Ten Steps to Starting a Self-Care Practice – Part 1

I work as a Reiki Practitioner and Yoga Teacher, but lately, it seems like my job description has been, “Person Who Tries to Convince People to Take Care of Themselves.”  I often find myself running into people who treat everyone else better than they treat themselves.

Not surprisingly, these are the people who are wilting—failing to thrive—they are suffering from stress related illnesses and in need of healing.  This is how they end up with me.  They deny themselves until they get to the point where they can’t go any further without professional help.

It’s not that I don’t like having clients, and it’s not that I don’t enjoy helping the people that I see.  I adore every person who has ever come to see me and because of that, it pains me to see how far gone they let themselves get before they act.

I know that self-care feels like extra work.  It’s another pull on your time and energy.  I get it.  It’s also a skill that you develop, like anything else.  The more you do it, the easier it becomes.

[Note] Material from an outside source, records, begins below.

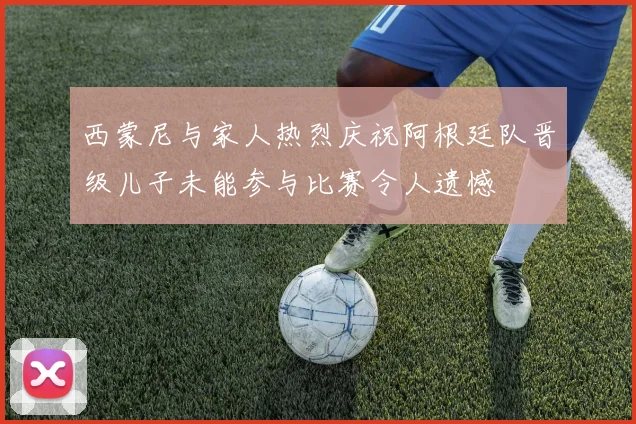 西蒙尼与家人热烈庆祝阿根廷队晋级儿子未能参与比赛令人遗憾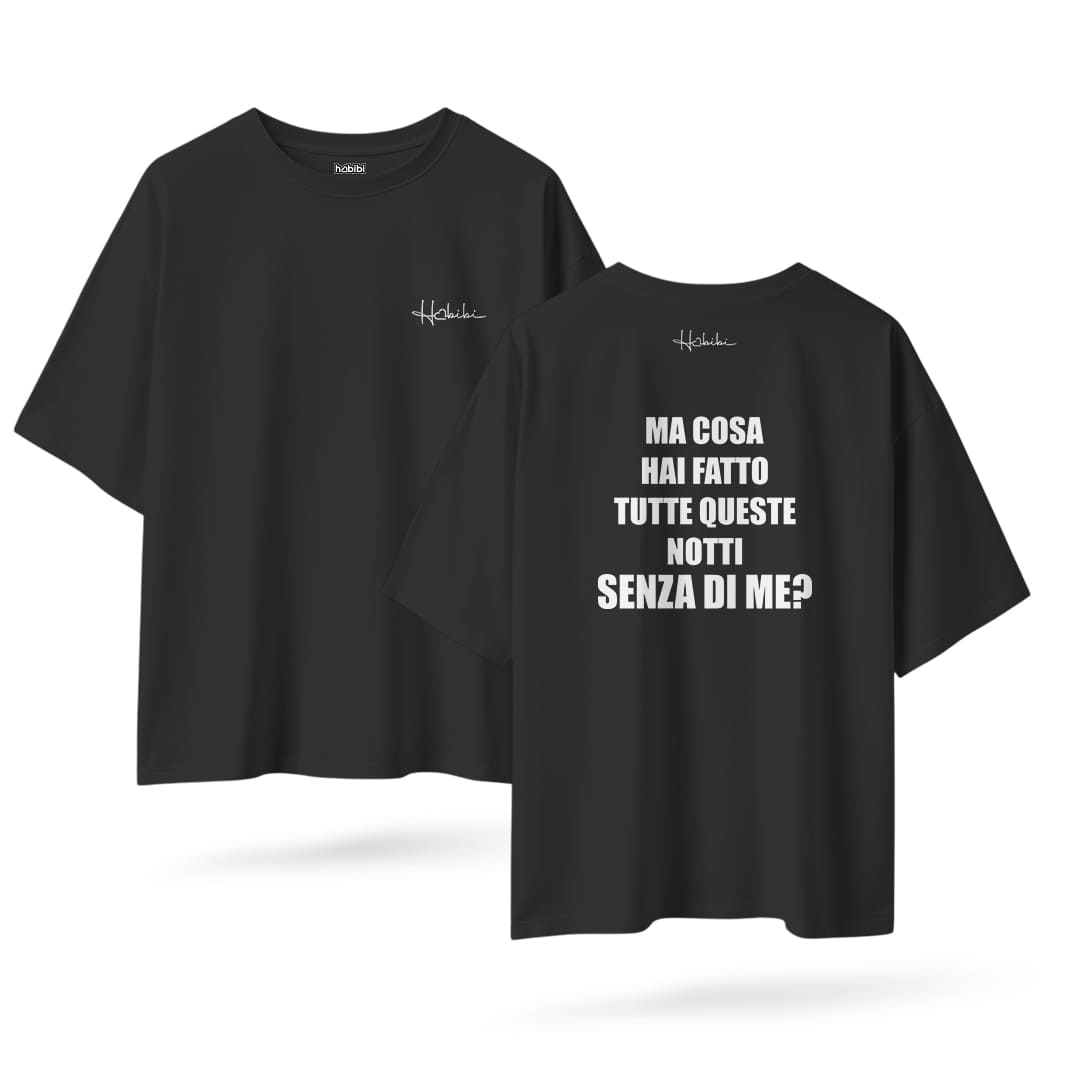 T-Shirt Over Notti Senza Me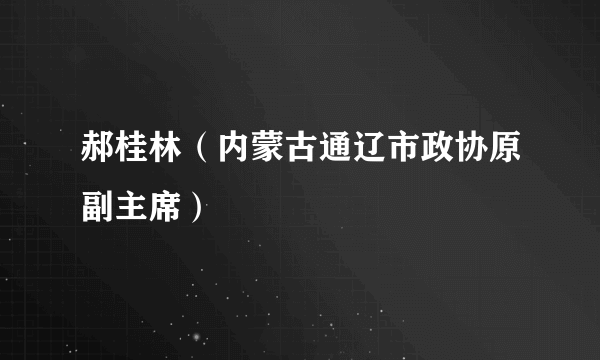 郝桂林（内蒙古通辽市政协原副主席）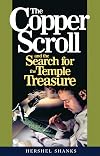 The Copper Scroll And The Search For The Temple Treasure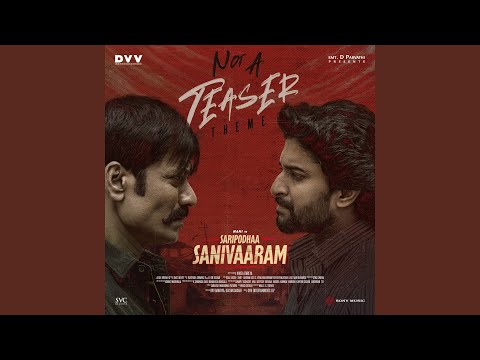 Not A Teaser (Theme) (From "Saripodhaa Sanivaaram")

Here are first few steps on how you can start a new self-care routine:

1. Make it a priority

Your first priority should always be you.  It may seem like other things should be a higher priority, but think of it this way—you can’t offer anyone your best self until you become your best self.  As long as you are denying you, you are denying the world your best self.  And yes, I do recommend completely turning your life upside-down if necessary.  There is only one you; make the most of what you have.

2. Plan for it

In this world of constant distractions, interruptions and requests, if you don’t consciously make a plan, it will never happen.  There was a time when humans were naturally faced with the question of self-care because of lack of easily accessible distractions.  We were forced to sit with ourselves while taking trains, standing in long lines, walking to destinations or merely sitting alone in our rooms without the convenient distraction of tablets, laptops, phones and TVs.  Because of the possibility of constant connectivity, it has become the general expectation that you always be available to your friends, family and boss.  Given this climate, self-care time needs to be planned.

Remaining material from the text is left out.